Monsters (İstila / 2010)
Monsters, benzer örneklerini gördüğümüz düşük bütçeli bir uzaylı istilası filmi. Fakat düşük bütçesini avantaja çevirmeyi başarmış bir “Indie” film. Yönetmen Gareth Edwards, doğru bir tercihle belgesel anlatım dilini tercih ederek, bizleri olayların içine çekebilmiş. Basit öyküsünü yol hikâyesine dönüştürerek alt metinlerini de art arda sıralamış.

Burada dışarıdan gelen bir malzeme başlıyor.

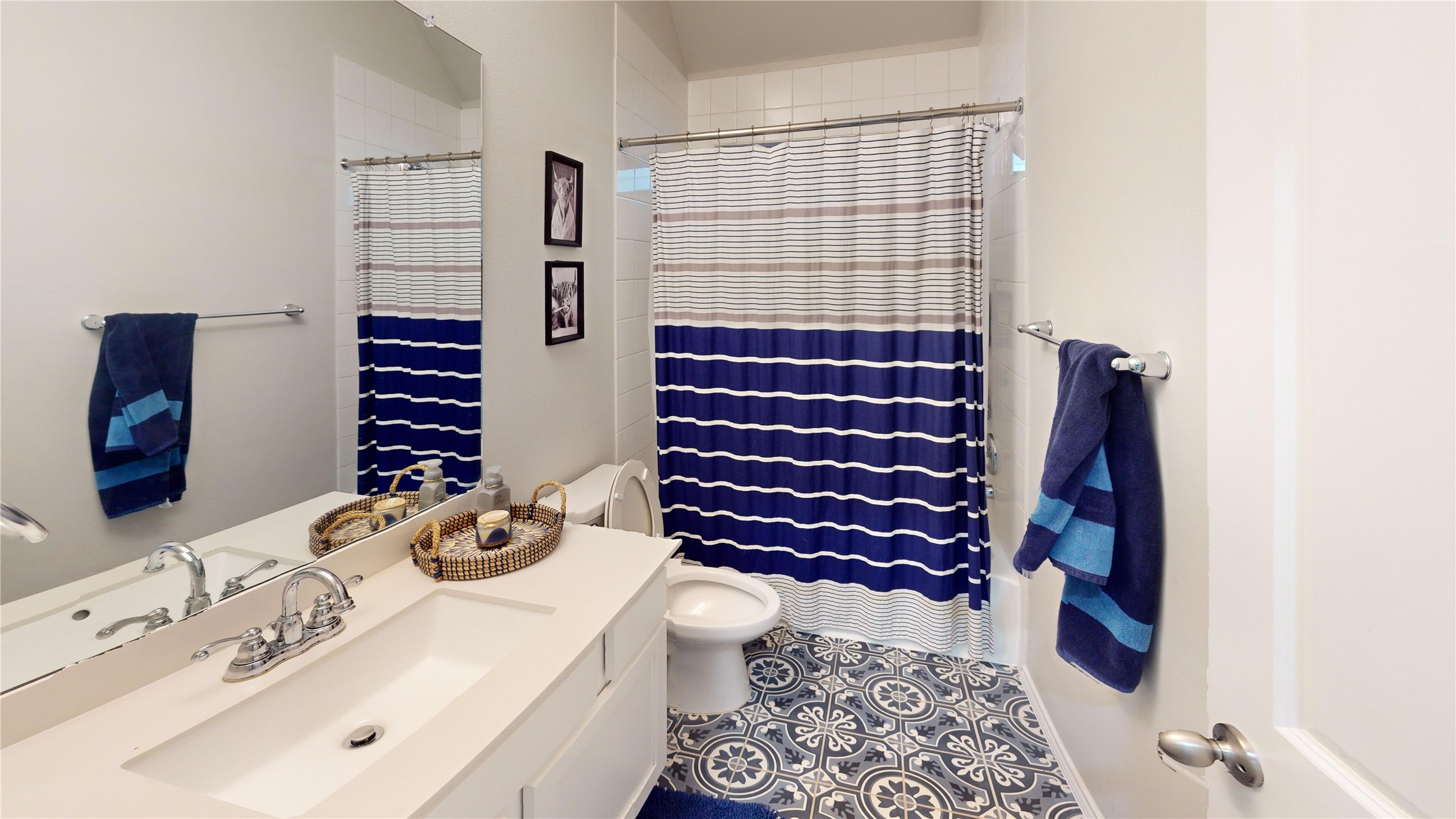 718 Santa Elena Trail Conroe, TX 77304 - Photo 17 of 29 This inviting full bath boasts a modern design with stylish patterned flooring, a chic striped shower curtain, and a pristine vanity, perfect for a refreshing daily retreat.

NASA’nın uzay aracının Meksika’ya düşmesiyle birlikte bölge, dünya dışı bir virüsün etkisi altına girer. Edwards, asıl canavarın Amerika ya da gelişmiş toplumların kendisi olduğunu söylüyor. Güçlü devletlerin, kendilerinden daha fakir devletleri adeta birer tehdit ve canavar olarak görüp onları kontrol etmeye çalışmaları sonucunda, kendilerine nasıl düşman kazandıklarına değiniyor.Hikayenin sonlarında uzaylıların çok da kötü niyetli olmadıkları, yalnızca kendilerini korumaya çalışan varlıklar olduğu anlaşılacaktır. District 9’da olduğu gibi yapımda, uzaylılar da bir soykırıma karşı bir savaş halindedir. The War Of The Worlds gibi yapımlardan daha alternatif bir noktada duran yapım, canavarları (alt sınıf) yüceltip, modern toplumu eleştiriyor. Edwars, devletinin çıkarları uğruna Meksikalıların fakirleştirilmesine vurgu yapıyor. Yapım, düşük bütçesine rağmen, birçok benzer büyük yapımdan çok daha oturaklı bir duruş sergiliyor.